Damals erschien ›Os Afro Sambas‹ – eine Kooperation zwischen dem Gitarristen Baden Powell und dem Poeten Vinícius de Moraes. Ein Album, auf dem traditionelle Klänge der Candomblé-Musik auf tänzerische Samba-Passagen und Instrumente der Umbanda-Religion treffen. Daraus ließen die Musiker eine Atmosphäre entstehen, die ebenso mystisch wie feierlich wirkt. Und sie schafften einen imposanten Beleg dafür, dass – im besten Sinne des Wortes – großartige Weltmusik entstehen kann, wenn sich Elemente aus verschiedenen Kulturen miteinander vermischen. Bis heute hat ›Os Afro Sambas‹ unzählige Künstler inspiriert.
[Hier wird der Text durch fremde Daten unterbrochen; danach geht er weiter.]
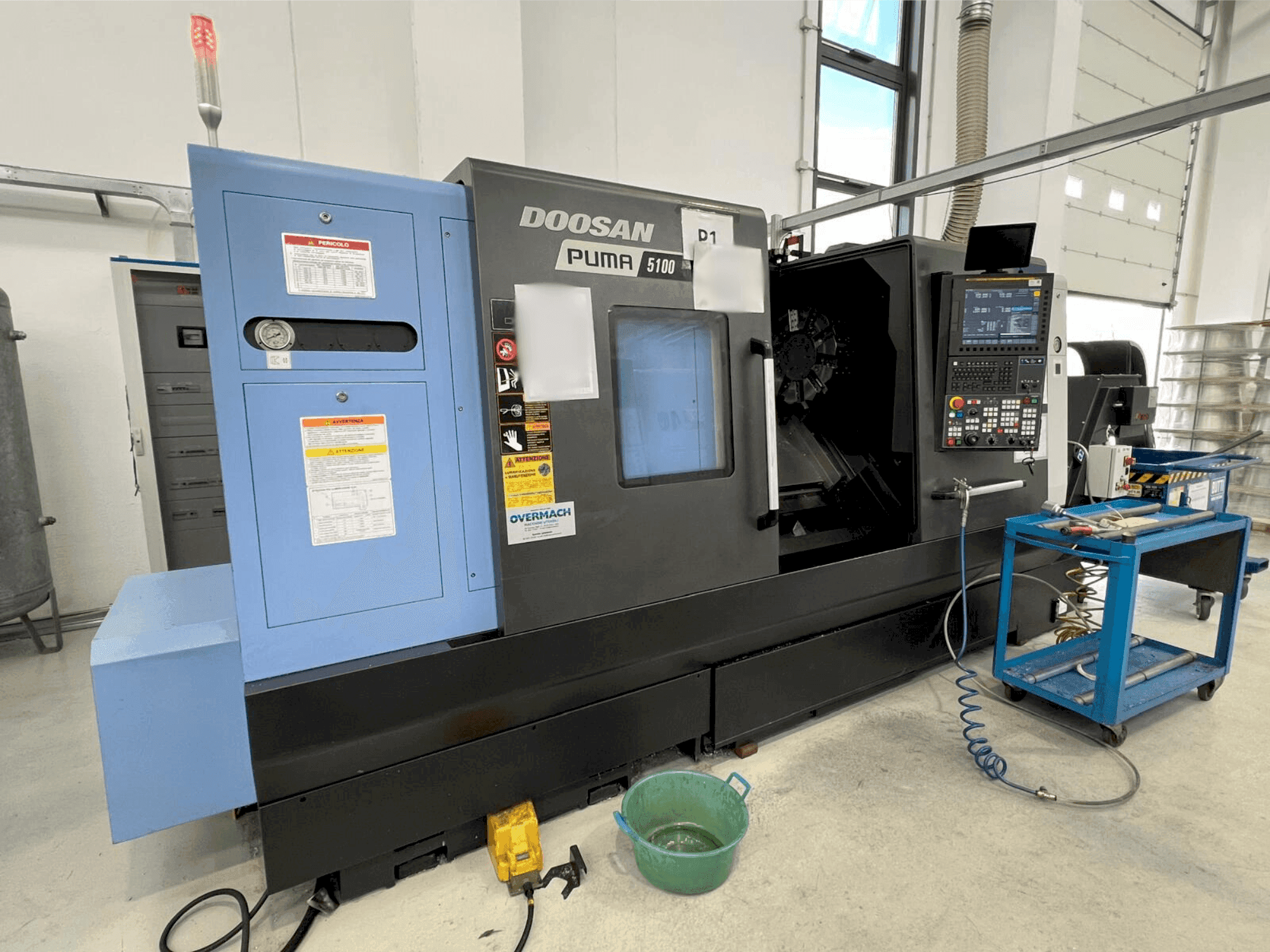 Čelní pohled na DOOSAN Puma 5100B stroj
›Leichtigkeit trotz Tragik‹ lautet das Rezept, mit dem der Band eine großartige, dem Original überaus würdige Interpretation gelungen ist. Dabei scheinen die oft düsteren, tragischen Texte und die beschwingten, geradezu feierlichen Melodien auf dem ersten Blick in einem unauflösbaren Widerspruch zu stehen. Aber genau das ist die hohe Kunst, die einst schon Powell und de Moraes perfekt beherrschten und nun vom Mara Minjoli & João Luís Quintet in neue Dimensionen geführt wird. Sei es in der Art eines »tropischen Tanzes mit hypnotisierendem Gesang bei ›Iemanya‹, einer Kombination aus rasant verspielten Percussion-Klängen mit jazzigem Klavier (›Labareda‹) oder dem ›Canto de Oxum‹, das eher catchy, aber mit wunderbar virtuoser Gitarre daherkommt«, wie es der Musik-Journalist Daniel Senzek formuliert.
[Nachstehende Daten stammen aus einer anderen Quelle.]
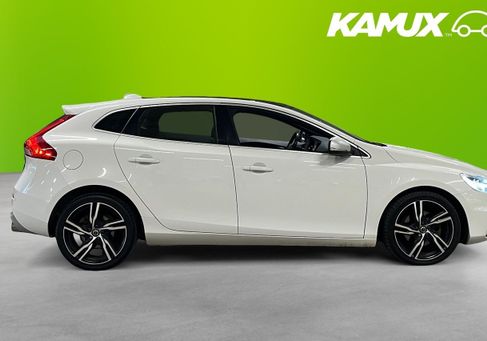 Volvo V40, 2018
»Als Brasilianer bin ich stolz auf das Werk meiner Landsleute, weil sie es geschafft haben, intelligente Melodien zu komponieren, denen man gerne zuhört«, sagt João Luís über die künstlerischen Qualitäten des Duos Powell/de Moraes. Thomas Hufschmidt sieht aber auch in den neuen Arrangements einzigartige Qualitäten. »Die brasilianische Musik, die man bei uns in Deutschland hört, ist oft mit der Musik von Antonio Carlos Jobim verbunden. Das sind in der Regel Stücke im Bossa Feel. Die Musik auf unserer Produktion steht jedoch nicht in der Tradition des Bossa Novas, sondern ist stark durch afrikanische Einflüsse geprägt – Afro Sambas eben. Das ist – neben der ungewöhnlichen Bandbesetzung – ein weiteres Alleinstellungsmerkmal unseres Albums, was in der heutigen Zeit selten ist.«
Viele Gründe also, die Kompositionen des Mara Minjoli & João Luís Quintetts auf sich wirken zu lassen. Die meisten von ihnen drehen sich – wie in ›Tempo de Amor‹ um das zweischneidige Schwert der Liebe. Sie kann mächtig und derartig schön sein, dass sie alle anderen Gefühle in den Schatten stellt. Sie kann – in Form von Intrigen und Machtspielen - aber auch unvergleichlich schmerzhaft sein, so dass man ihr am liebsten entsagen möchte. Doch wer kann das schon, wenn noch nicht einmal übermenschliche Wesen dazu in der Lage sind? Es ist eben nicht leicht, ein Gott zu sein. Man könnte aber auch schlussfolgern, dass Götter letztlich auch nur Menschen sind.